Mark Prisk, Minister of State for Business and Enterprise, discusses how the government’s battle against bureaucracy will benefit businesses in a recent blog for www.conservativehome.blogs.com
Every government wants to leave its mark on the statute book. The last government did so by introducing the equivalent of six new regulations every working day, or 30 every single week. This government will do so by reducing the regulatory burden that weighs on all firms, but disproportionately on micro, small and medium-sized enterprises.
Labour’s legacy was a business community suffocated by rules, many of them contradictory or redundant. When it did cut red tape, it did so lengthwise.
That approach had to change whatever the economic environment and today’s push for growth makes deregulation urgent. This government is more committed to the supply-side reforms that make life easier for business than any before it. To achieve this, the Government has launched two key initiatives. Firstly, the one-in-one-out rule places a cap on the financial burden of regulations to businesses by ensuring that the cost of any new UK-based regulation is offset with a commensurate reduction in existing regulation. The net saving to businesses for 2011 is estimated by the Business Department at £3.2bn.
Qualitative improvements to other regulations will also spur growth. Some, for example, help drive the development of a low-carbon economy by easing planning restrictions on the development of electric vehicle charging points, domestic wind turbines and heat pumps. Others are aimed at businesses with fewer than 250 employees, such as withdrawing the right to request time to train. The other key policy is the Red Tape Challenge (RTC). Whereas the one-in-one-out rule stems the flow of new regulations onto the statute book, the RTC tackles the existing stock of red tape. This is an enormous undertaking, involving a comprehensive and thorough economic analysis of the no fewer than 21,000 regulations on the statute book, of which some 11,000 directly affect businesses.
More than 1,200 regulations have been considered so far, and we have agreed to scrap or substantially improve over half. Changes include replacing 12 pieces of legislation on consumer protection and information with a single Consumer Rights Bill; scrapping the paper counterpart to the driving licence, saving motorists up to £8m; and streamlining procedures for manufacturing export control. Many arcane and obsolete regulations have also been scrapped, including the 98 Trading with the Enemy regulations (restricting companies’ dealings with such threats to national security as Belgium and the USSR), regulations dictating the location and design of no smoking signs, or guidelines specifying the roads on which dogs must be held on a lead.
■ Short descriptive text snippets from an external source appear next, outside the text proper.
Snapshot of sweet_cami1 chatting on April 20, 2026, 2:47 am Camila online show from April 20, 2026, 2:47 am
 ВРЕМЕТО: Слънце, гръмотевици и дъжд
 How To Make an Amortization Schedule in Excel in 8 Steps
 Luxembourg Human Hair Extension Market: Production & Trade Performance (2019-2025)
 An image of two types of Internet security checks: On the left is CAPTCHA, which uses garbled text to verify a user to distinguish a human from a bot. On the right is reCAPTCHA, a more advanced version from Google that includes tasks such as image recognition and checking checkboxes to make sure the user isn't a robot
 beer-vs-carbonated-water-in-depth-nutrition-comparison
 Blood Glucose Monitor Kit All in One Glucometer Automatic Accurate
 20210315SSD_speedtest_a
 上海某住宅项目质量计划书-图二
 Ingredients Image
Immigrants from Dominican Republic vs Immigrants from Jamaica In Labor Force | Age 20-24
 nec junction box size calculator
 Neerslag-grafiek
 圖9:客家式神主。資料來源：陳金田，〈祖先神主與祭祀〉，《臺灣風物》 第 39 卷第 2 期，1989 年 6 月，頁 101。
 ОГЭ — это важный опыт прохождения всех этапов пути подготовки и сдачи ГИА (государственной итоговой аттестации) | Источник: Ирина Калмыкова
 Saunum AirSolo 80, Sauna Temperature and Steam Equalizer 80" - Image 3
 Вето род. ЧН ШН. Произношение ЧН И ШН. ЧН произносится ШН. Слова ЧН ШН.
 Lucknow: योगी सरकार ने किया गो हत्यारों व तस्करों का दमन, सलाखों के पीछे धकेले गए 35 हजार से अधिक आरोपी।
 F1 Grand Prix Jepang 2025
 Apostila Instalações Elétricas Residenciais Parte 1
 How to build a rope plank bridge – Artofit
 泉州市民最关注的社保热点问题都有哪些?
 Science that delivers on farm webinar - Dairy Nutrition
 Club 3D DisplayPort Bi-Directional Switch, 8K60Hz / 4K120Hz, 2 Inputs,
This is not a scorched-earth policy on bureaucracy. Limited, clear and effective regulation guarantees that employees, consumers and the environment are protected – and the Government is in fact consolidating and simplifying procedures for identification for goods such as tobacco, alcohol and knives in order to make controls more effective. But the bureaucratic behemoth of recent decades has tilted the playing field in favour of large corporations that can pay lawyers, accountants and human resources teams to cut through the reams of red tape and search for loopholes. SMEs and micro-businesses are forced to choose between hiring legal professionals and taking on the employees they need to expand their business.
There is still a lot of work to be done, particularly in limiting the regulation coming in from Europe, which accounts for 50 per cent of the burden. We are pushing hard to reduce the volume and impact of EU regulation, not least by testing all proposed EU measures for their impact on growth and by ending the routine practice of gold-plating EU rules. Our assault on burdensome regulation reflects the core values of this Government – personal responsibility, individual freedom, support for risk-takers and job creators, and trust in people to make common sense decisions. This painstaking and long overdue review of a century of regulations will play a critical part in delivering the economic growth we need.